I am more Iikely nowadays to read about spiritual traditions around the world, especially the mystical and heretical ones as I want nothing to do with organised religion. I am even more likely to read Tolle, Chopra and Castaneda because I feel that they have touched on something beyond the mundane and material existence of our lives. Although I used to worship the great literary works and am well-read, I am just not interested in fantastic styles or experimentation with form anymore.
The opposite happens when I turn to the so-called philosophical tales of Coehlo and his like-minded writing friends. There I get the essence, the insight into our existence that is meaningful, that moves beyond the mundane, that moves beyond my literary ennui. But what I miss in their work is the beautiful style, the artistic form, the intellectual insight that goes beyond the ‘let’s hold hands and sing and feel good’ that so much New Age literature is based on.

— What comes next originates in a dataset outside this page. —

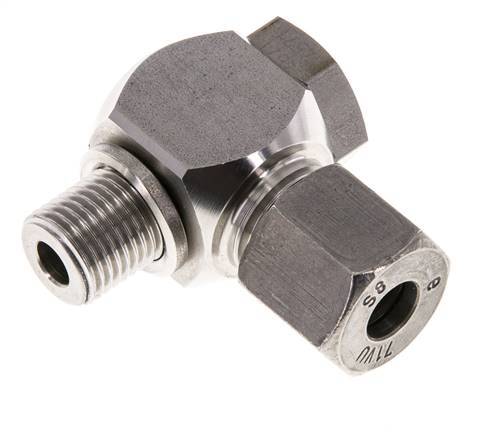 8S & G1/4'' RVS Swivel Joint Snijringkoppeling Buitendraad 400bar Draaibaar ISO 8434-1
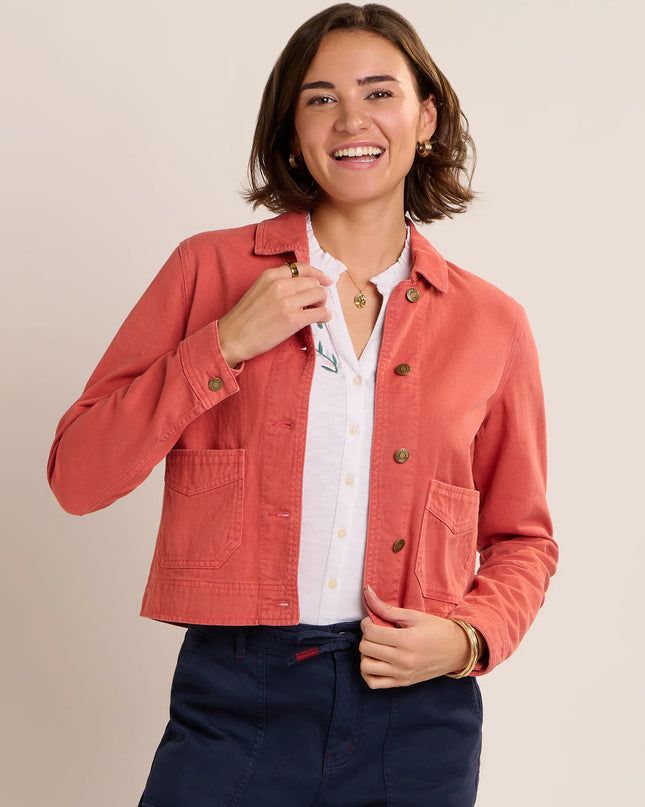 Juana Denim Jacket - Rust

So what am I to do? Apart from writing a book with these aims but for that very reason does not fit into either category: a book too literary and naughty to be ‘spiritual’, too spiritual to be interesting to the literary folks? I will work on it more. And as I am doing so I will need to find a way to explain to publishers that my book deals both with sexual desire and the spiritual aspect of it, that it talks about expanded states of consciousness (you can see the literary editors losing interest right at this point) through the sexual practices of tantra, that tantra is not about better sex techniques but about the deeper experience of our being through sexual acts, that my work talks about the dark part of this as well (it is here the spiritual editors lose interest).
The best way to do this is to write it beautifully –I won’t compromise on that. Perhaps I did learn something from James Salter and the other literary writers after all. And perhaps James Salter and I can still be friends – even if I could not finish his book. I will just have to blaze my own trail: writing on things that touch me, even if they do not fit into any category, and doing so beautifully.